Mamãe já partira faz tempo. E, um dia... a filha também partiu. Desde que se foi, apenas uma vez se lembrou que era Dia das Mães e chegou de surpresa. Quando ela ligou dizendo estar na Rodoviária, perguntei: o que veio fazer aqui? Ela respondeu, com seu jeito estabanado: "Dia das Mães, né, Mãe?" Fiquei eufórica. Nunca antes ela havia se lembrado e sequer telefonado. E aquela chegada me deu enorme alegria e imensa esperança.

Mas na segunda ela se foi novamente. E nunca mais se lembrou... A alegria voltou a ser dor e a esperança se acabou.

O Dia das Mães se descaracterizou para mim. Passou a ser tristeza. Não tenho Mamãe para festejar. Fácil aceitar, são os caminhos naturais da vida. Não tenho a filha querida para me festejar... Difícil aceitar os caminhos invertidos da vida...

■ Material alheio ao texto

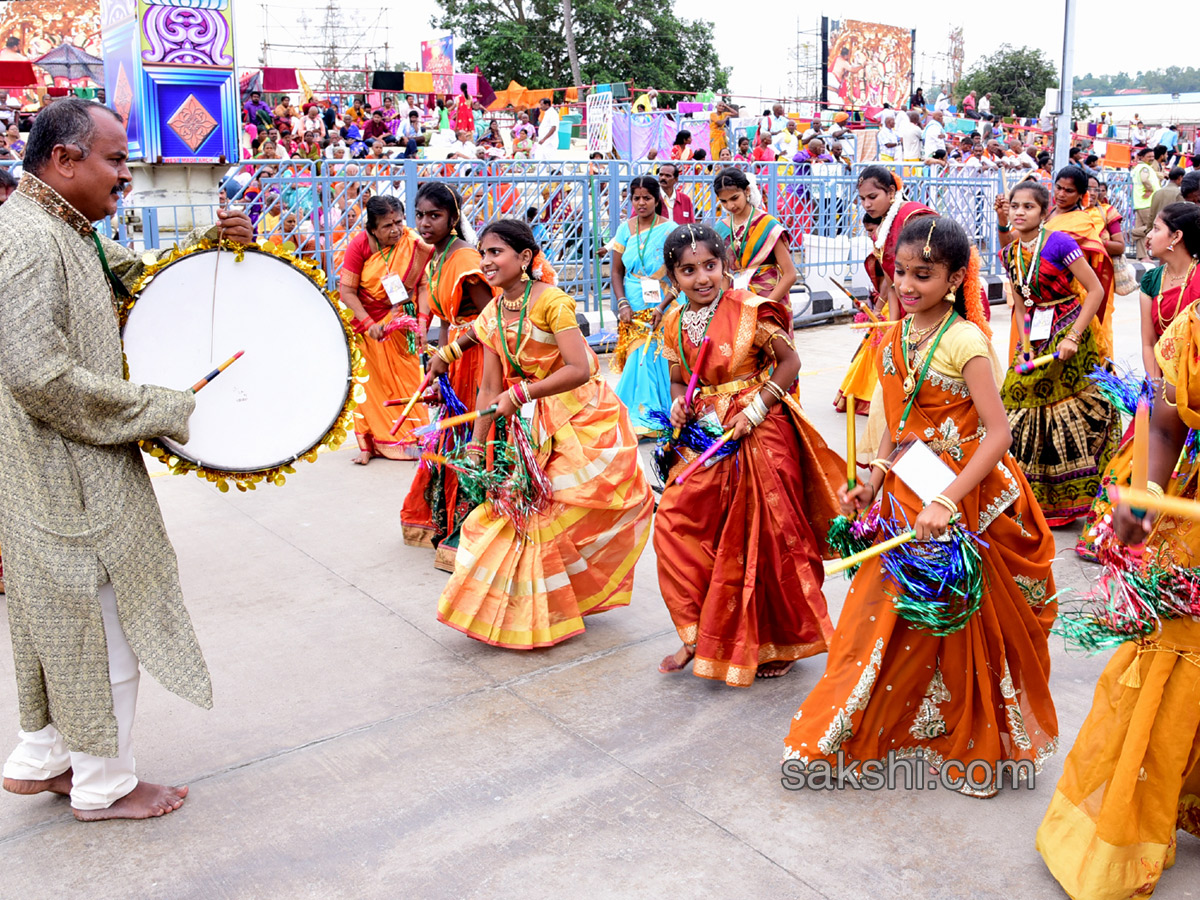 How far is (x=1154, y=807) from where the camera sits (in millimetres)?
2633

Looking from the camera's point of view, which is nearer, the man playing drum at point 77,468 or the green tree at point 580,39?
the man playing drum at point 77,468

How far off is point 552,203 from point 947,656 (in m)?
9.19

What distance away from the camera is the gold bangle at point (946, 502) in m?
2.92

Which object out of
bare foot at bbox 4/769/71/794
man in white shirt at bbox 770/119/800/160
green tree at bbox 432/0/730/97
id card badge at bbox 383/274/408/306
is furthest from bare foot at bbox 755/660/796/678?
green tree at bbox 432/0/730/97

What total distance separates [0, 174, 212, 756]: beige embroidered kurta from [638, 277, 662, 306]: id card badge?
16.7 ft

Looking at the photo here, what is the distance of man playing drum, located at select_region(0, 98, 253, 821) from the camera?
8.96 feet

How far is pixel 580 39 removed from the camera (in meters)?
42.2

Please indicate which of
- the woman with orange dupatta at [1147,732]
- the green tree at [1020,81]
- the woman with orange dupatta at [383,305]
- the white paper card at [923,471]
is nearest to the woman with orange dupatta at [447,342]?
the woman with orange dupatta at [383,305]

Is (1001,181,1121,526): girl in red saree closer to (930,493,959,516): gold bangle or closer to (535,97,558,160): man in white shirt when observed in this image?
(930,493,959,516): gold bangle

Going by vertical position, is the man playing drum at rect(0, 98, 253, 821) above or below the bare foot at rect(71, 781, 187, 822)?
above

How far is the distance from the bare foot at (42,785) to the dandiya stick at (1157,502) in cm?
291

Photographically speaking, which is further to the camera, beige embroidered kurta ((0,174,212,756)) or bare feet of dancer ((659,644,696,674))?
bare feet of dancer ((659,644,696,674))

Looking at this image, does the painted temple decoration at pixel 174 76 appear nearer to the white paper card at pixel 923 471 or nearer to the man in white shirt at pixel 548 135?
the white paper card at pixel 923 471

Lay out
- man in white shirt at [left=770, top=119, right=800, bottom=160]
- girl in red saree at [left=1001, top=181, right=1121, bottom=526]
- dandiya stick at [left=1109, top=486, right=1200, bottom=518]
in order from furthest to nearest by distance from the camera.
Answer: man in white shirt at [left=770, top=119, right=800, bottom=160], girl in red saree at [left=1001, top=181, right=1121, bottom=526], dandiya stick at [left=1109, top=486, right=1200, bottom=518] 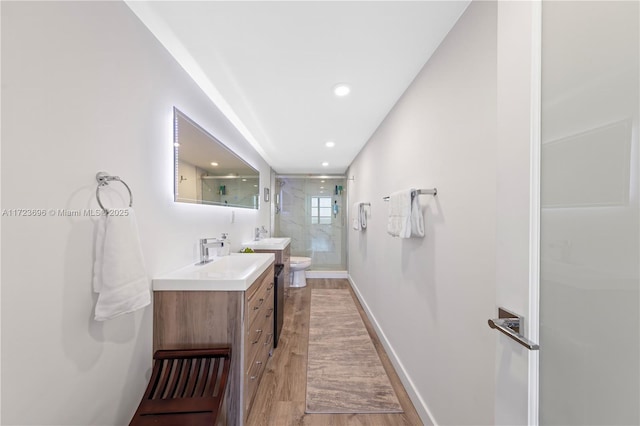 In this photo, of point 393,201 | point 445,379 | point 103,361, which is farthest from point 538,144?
point 103,361

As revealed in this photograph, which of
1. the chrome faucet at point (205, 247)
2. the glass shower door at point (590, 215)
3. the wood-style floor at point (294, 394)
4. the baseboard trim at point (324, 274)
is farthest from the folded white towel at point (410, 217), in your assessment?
the baseboard trim at point (324, 274)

Apesar da nota triste, não termino triste esta crônica. Sei valorizar o que de bom a vida me dá, quase sempre chegando por misteriosos caminhos, mas sempre trazendo alegria. E sei que amo, ah, sim, amar eu sei bem... O amor é sempre alegria, embora o pano de fundo seja sombrio. E o amor que a vida me reservou não substitui mãe, não substitui filha, não substitui ninguém. Ele é ele mesmo e seu amor tão completo compensa todas as tristezas e ausências que não pude e não posso evitar. E me sinto como todo o mundo: ninguém é somente feliz ou somente infeliz... Importante é amar enquanto vida houver!